The Iranian government also targeted artists and singers/songwriters whose work was critical of ruling authorities and explicitly addressed either political or social themes. Saman Yasin, a Kurdish rapper, was arrested on October 2 in a home raid, tortured during his detention, and charged on October 29 with mohrabeh, or “enmity against God,” a crime that carries the death sentence. This development raised alarm with international bodies such as the UN. Toomaj Salehi, a songwriter and well-known rapper who was first arrested in September 2021 and given a suspended sentence in early 2022, was re-arrested on October 30, 2022 after he published music and social media posts expressing support for the protests. He was held in solitary confinement and severely tortured in custody. He also faces charges that could lead to the death penalty.

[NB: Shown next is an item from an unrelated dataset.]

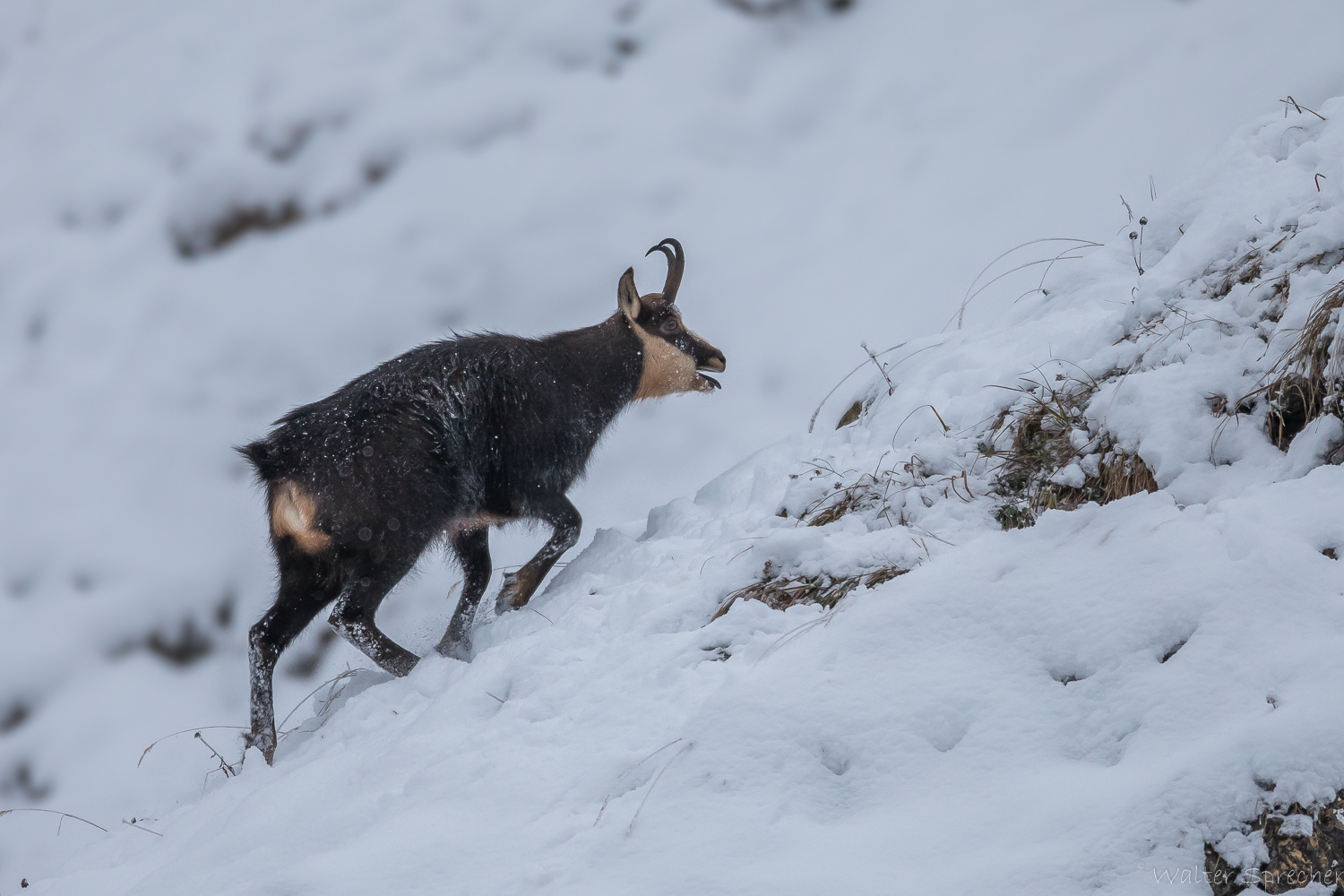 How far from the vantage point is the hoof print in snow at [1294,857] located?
1.76 m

Writers advocating for ethnic or religious minority rights continue to be particularly targeted in Iran. In January 2022 Kurdish language teacher and rights advocate Zahra Mohammadi began her prison sentence of five years for “founding or leading an organization that aims to disrupt national security.” Kurdish researcher Mozghan Kavousi, who belongs to the Yarsani religious minority, was detained for four months beginning in September and later sentenced to five years and five months in prison on charges of “assembly and collusion,” “insulting the Supreme Leader of Iran,” and “propaganda against the regime.” Baha’i writer and poet Mahvash Sabet was arrested in July 2022 as part of a crackdown on the minority and sentenced to 10 years in prison in November on the same charges as Zahra Mohammadi. While imprisoned, she spent extended periods in solitary confinement.

A prominent writer and human rights defender, Narges Mohammadi has been in and out of prison for much of the last decade in retaliation for her support of the rights of women, political prisoners, and ethnic minorities in Iran.